1. Method for advancing media from an entry point to an exit point with the steps:

• a) Rotating a first roller that separately contacts a first surface to press the media against the first surface to generate a first frictional force to frictionally push the media from the entry point toward a second roller, which is separated with a second surface is in contact;
• b) allowing the second roller to idle until the media contacts the second roller for a predetermined period of time;
• c) rotating the second roller to press the media against the second surface to generate a second frictional force to push the media towards the exit point by friction.
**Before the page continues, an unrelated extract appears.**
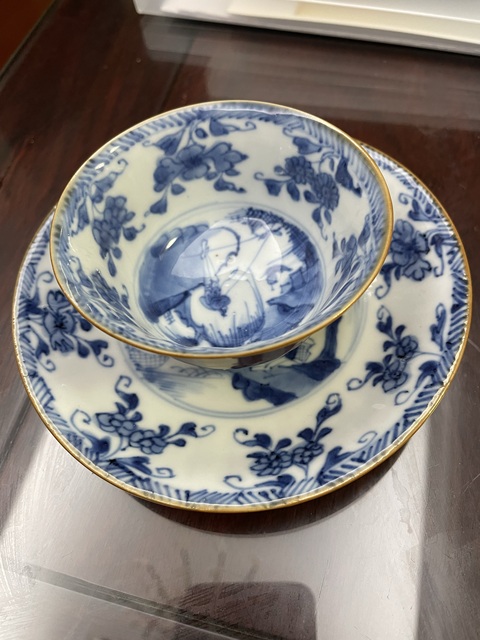 古玩陶瓷康熙·外紫金釉內(nèi)青花山水人物紋杯碟一套 真品鑒賞圖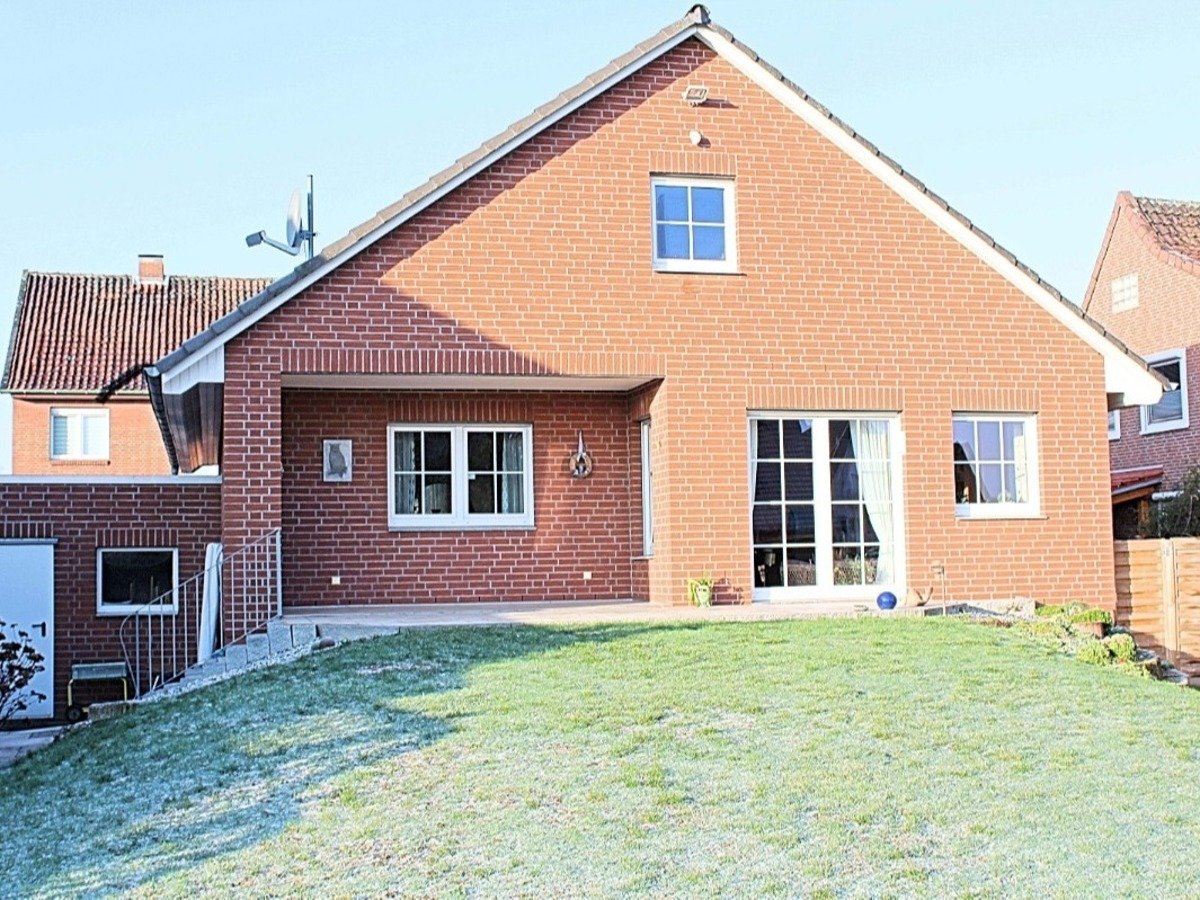 Ilsede: Einziehen und wohlfühlen! TOP gepflegter Bungalow mit Keller und Garage in Ilsede  Ilsede: Einziehen und wohlfühlen! TOP gepflegter Bungalow mit Keller und Garage in Ilsede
2. The method of claim 1, wherein when step (c) is performed, the first roller will run empty. 3. The method of claim 1, further comprising a step of pushing the media by friction in the direction of the first roller with a feed device before step (a). 4. An apparatus for advancing media from an entry point to an exit point, comprising:
an underframe having a first surface and a second surface;
a first roller supported by a first one-way bearing, the first roller separately contacting the first surface to generate a first frictional force to frictionally push the media from the entry point to a second roller, the second roller passing through a second one-way bearing is supported, the second roller separately contacting the second surface to generate a second frictional force to frictionally push the media conveyed by the first roller to the exit point. 5. The apparatus of claim 4, wherein the first roller is rotated about a first axis and the second roller is rotated about a second axis which is in relation to the first axis  is substantially parallel, and the first roller and the second roller in the same Direction. 6. The device of claim 4, further comprising a feed device for pushing the media by friction from the entry point towards the first roller. 7. The apparatus of claim 4, wherein the first surface on a movable plate is trained. 8. The apparatus of claim 4, wherein the media are sheets of paper. 9. An apparatus for advancing media from an entry point to an exit point, comprising:
an underframe having a first surface and a second surface;
a feed device used to push the media by friction from the entry point to a first roller, the first roller being supported by a first one-way bearing, the first roller separately contacting the first surface to generate a first frictional force to pushing the media conveyed by the feed device to a second roller by friction, the second roller being supported by a second one-way bearing, the second roller separately contacting the second surface to generate a second friction force to push the media that is being carried by the first roller to the exit point by friction. 10. The apparatus of claim 9, wherein the first roller is rotated about a first axis and the second roller is rotated about a second axis which is in relation to the first axis is substantially parallel, and the first roller and the second roller in the same Direction. 11. The apparatus of claim 9, wherein the first surface on a movable plate is trained. 12. The apparatus of claim 9, wherein the media are sheets of paper.